Let us begin our investigation by establishing a precise correspondence between two worlds: the world of classical mechanics, where particles move through physical space under forces, and the world of machine learning, where algorithms navigate through parameter space seeking to minimize loss.

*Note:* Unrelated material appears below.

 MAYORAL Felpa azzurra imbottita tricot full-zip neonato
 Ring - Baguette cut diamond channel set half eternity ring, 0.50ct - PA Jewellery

This is not merely an analogy—it is an exact mathematical mapping. Every symbol, every equation in physics has its precise counterpart in optimization theory. Let us make this mapping explicit from the very beginning:

PHYSICAL WORLD		↔	MACHINE LEARNING WORLD
Symbol	Meaning	↔	Symbol	Meaning
$\mathbf{x}$	Position of particle	↔	$\mathbf{w}$	Weights/parameters of neural network
$U(\mathbf{x})$	Potential energy	↔	$L(\mathbf{w})$	Loss function (error function)
$\mathbf{v}$	Velocity of particle	↔	$\mathbf{v}$	Velocity in momentum (same symbol!)
$m$	Mass of particle	↔	$m$	Virtual “mass” of optimizer
$\gamma$	Friction coefficient	↔	$\gamma$	Damping coefficient of optimizer
$-\nabla U(\mathbf{x})$	Force pushing downhill	↔	$-\nabla L(\mathbf{w})$	Gradient pushing toward minimum
$t$	Physical time (continuous)	↔	$t$	Training iteration (discrete)
$\Delta t$	Time step	↔	$\Delta t$	One optimization step

Fundamental Insight:

This is not just a poetic metaphor. It is an exact mathematical mapping. Whenever we write a physics equation, we can substitute $\mathbf{x} \to \mathbf{w}$ and $U \to L$ and immediately obtain the corresponding gradient descent equation. From now on, we will always show both versions side by side.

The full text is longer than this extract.